PROBLEM REQUIREMENTS: Copy out the data in full and exactly, passing over the pictures.

DATASET SECTION:
==============================

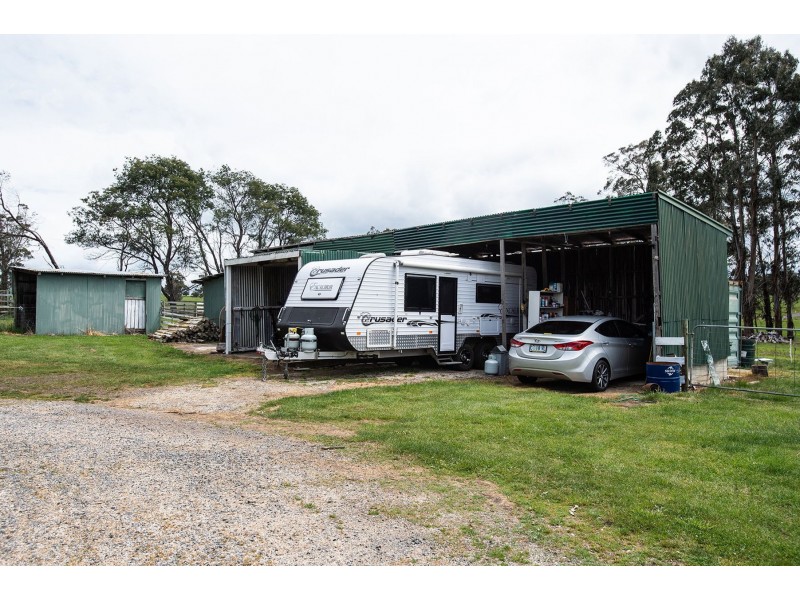 30 Roseburn Road, Rosevale TAS 7292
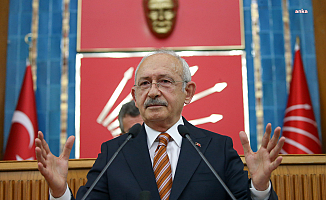 Kılıçdaroğlu: "Erdoğan kaybettiğini biliyor ve çatışma yaratma peşinde, insanları provoke etme peşinde"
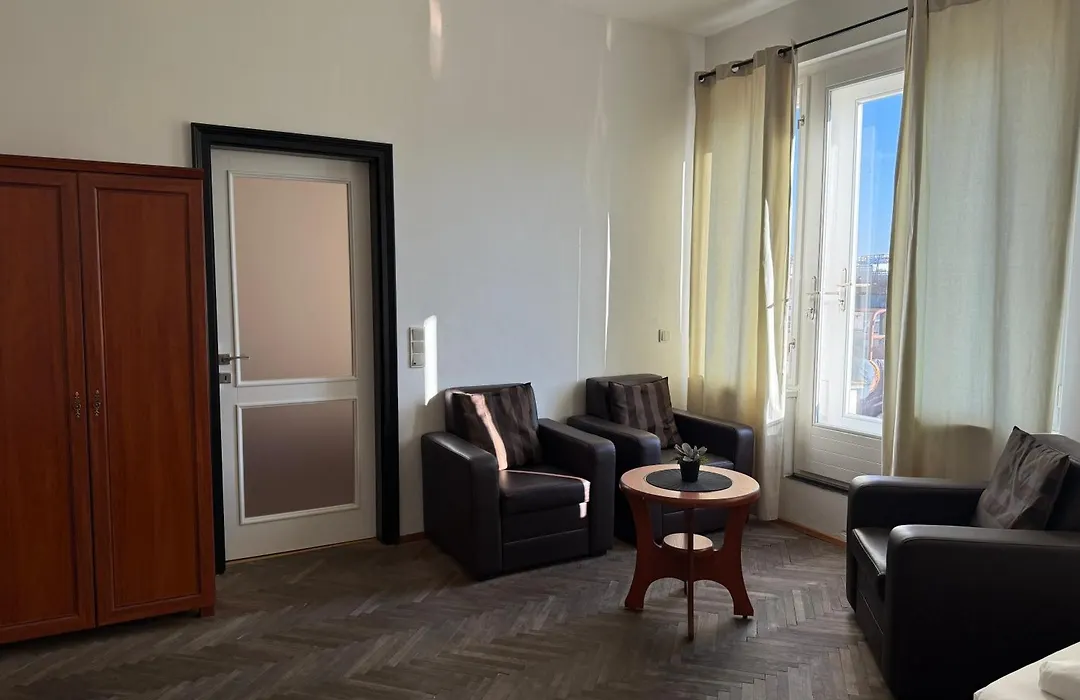 Apartmán Kaiser-1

==============================

EXERCISE ANSWER:
 30 Roseburn Road, Rosevale TAS 7292
 Kılıçdaroğlu: "Erdoğan kaybettiğini biliyor ve çatışma yaratma peşinde, insanları provoke etme peşinde"
 Apartmán Kaiser-1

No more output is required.